Every few days I get an email with a spoofed sender address that purports to claim some stuff was bought using my iCloud signon.   Often they are games, and most of them are in Jakarta.  I think there has been one claim of a purchase on the Philippines (on one of the southern islands having violence), and a couple in former Soviet republics.  So it sounds like a simple phishing attack.

There is never a bill on a credit card, and I forward them to reportphishing@apple.com

I wonder, if someone had my SSN and somehow created accounts in foreign countries and ran up bills, could I ever be pursued for them?  I would think not unless I traveled to the country.

But it is possible for people to be pursued for judgments for fake accounts using their social security numbers.  In my case, I think it would be pretty easy to prove that it wasn’t me. 

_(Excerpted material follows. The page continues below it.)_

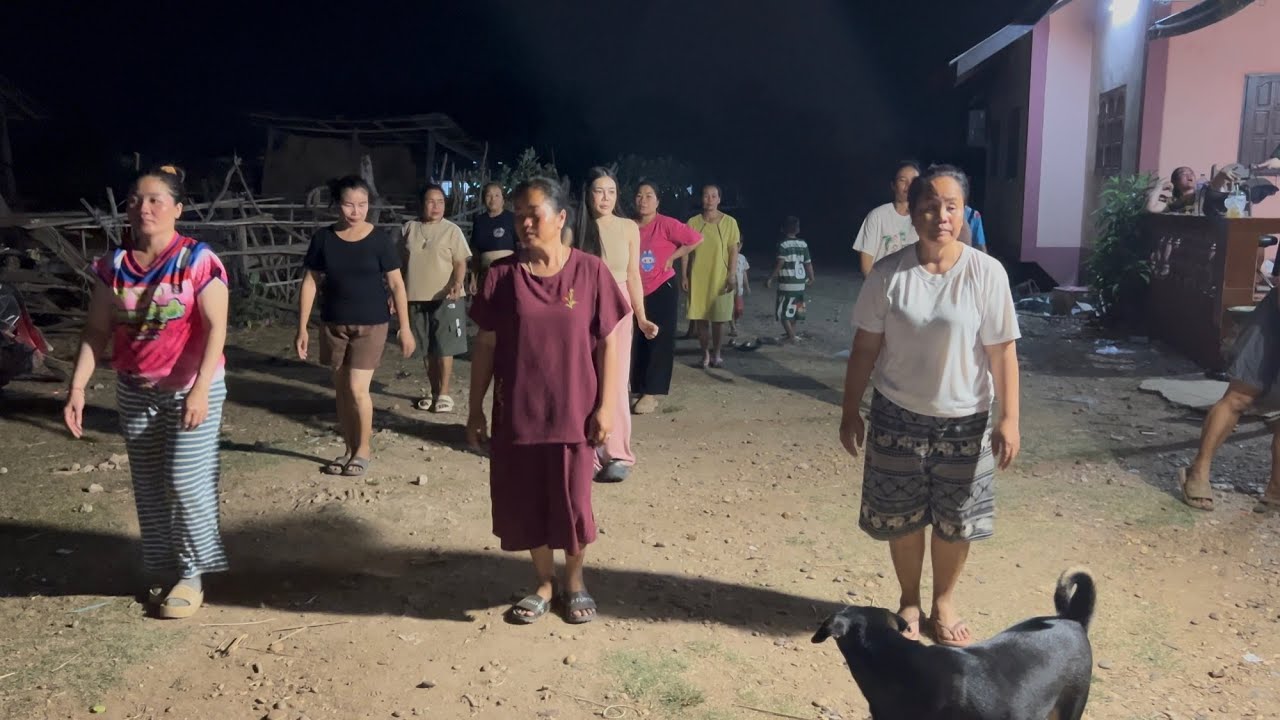 มาเบิ่งกายเป็นคนฟ้อนนำเพิ่นโอ้ยไหวบ่ข่อย🤣ມາເບິ່ງຊື່ໆກະໄດ້ຟ້ອນ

Here’s the rub.  I have two trusts based on inheritances.  A lot of it is in my late mother’s name.  Some has been used to my name only, because for some future purchases that works better.  The part under mom’s trust name is supposed to be immune from creditors.  There could be a theoretical risk of seizure of money in my name only.  Inherited money might not be as well protected (if derived from an estate) for essentially “political” reasons, from tampering in a case like this.
  

I’ll check with Apple soon (at a store) and see if they know what is going on overseas.  

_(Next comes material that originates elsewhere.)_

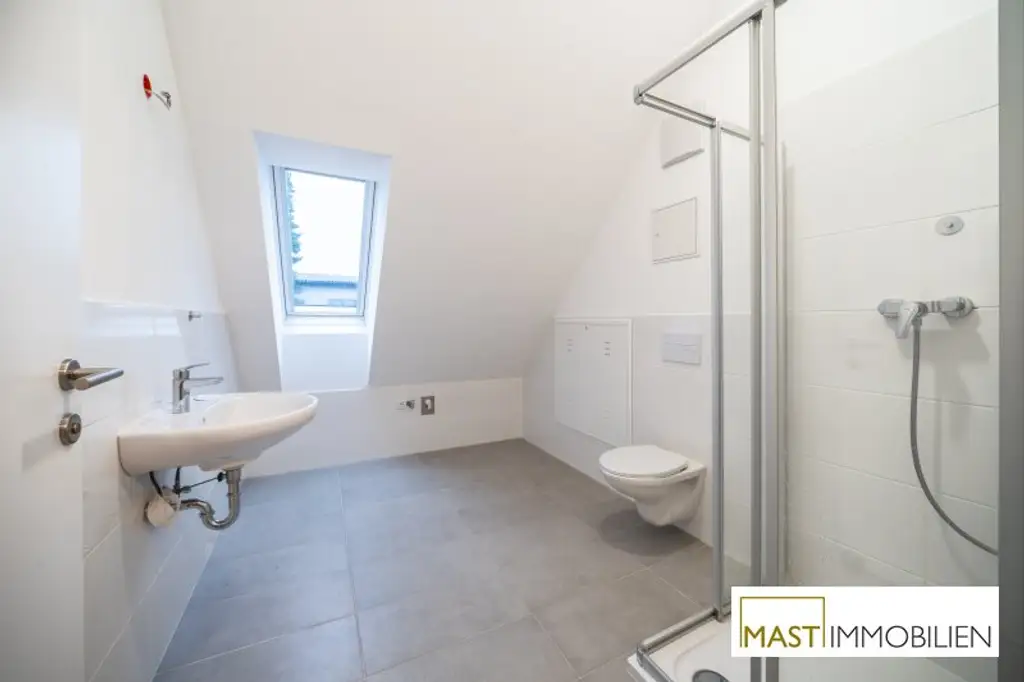 Frisch verfügbar: 3-Zimmer-Wohntraum mit Balkon in Breitenlee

Tuesday, December 12, 2017

Synthetic identity fraud seems little known but accounts for a lot of identity theft


Here’s a discussion of how “synthetic identity theft” or  “synthetic identity fraud” works.   It often uses social security numbers of minors or of individuals not likely to need credit for years.  The fraudster creates fictitious people out of combinations of real information.

'
  
Note toward the end of the article that legitimate card users are solicited to allow others to use their credit history for compensation. This would sound criminal even on the part of the legitimate holder. I have never encountered this personally.  Note the “data furnishing” process.
  
Experian has a brief blog posting explaining the problem to businesses.  But Experian says that synthetic fraud accounts for 85% of all identity fraud. 

Monday, December 04, 2017

Credit card and telecom companies getting more pro-active with using NCOA to detect consumer relocations


Well, I have to say that the USPS NCOA system is working, as I got an email last night from Verizon Wireless asking me to confirm (with 2-step identification) my recent move to a condo, including the “phone numbers” of my iPad and Midi hotspot as well as main smart phone.

As I’ve noted here before, activity with NCOA can be a useful tool in reducing the risk of identity theft (Sept. 25, 2006). 

I’m also finding that some companies can detect that a UPS store, which claims to be a land address, really is not one and prefer to mail to real residences.  This may be a new security trend, as companies beef up their customer "clientization" databases.  I prefer to get less mail at home and more in a UPS store where there is someone there to receive it when I am away.

Tuesday, November 14, 2017

Experian gives 12 symptoms of identity theft


Experian (which used to be TRW which in turn used to own Chilton and Pinger) has a list of twelve warning signs that your identity might be stolen. It’s a pretty interesting list.

Particularly disturbing are #8 – you could find out from your employer, who might not be that forgiving – and #9, you get unexpected two-factor authentication requests. 


Failing to receive expected bills (which might be electronic) is another one.
  

I wonder about, if you have a small business, getting unrequested lines of credit.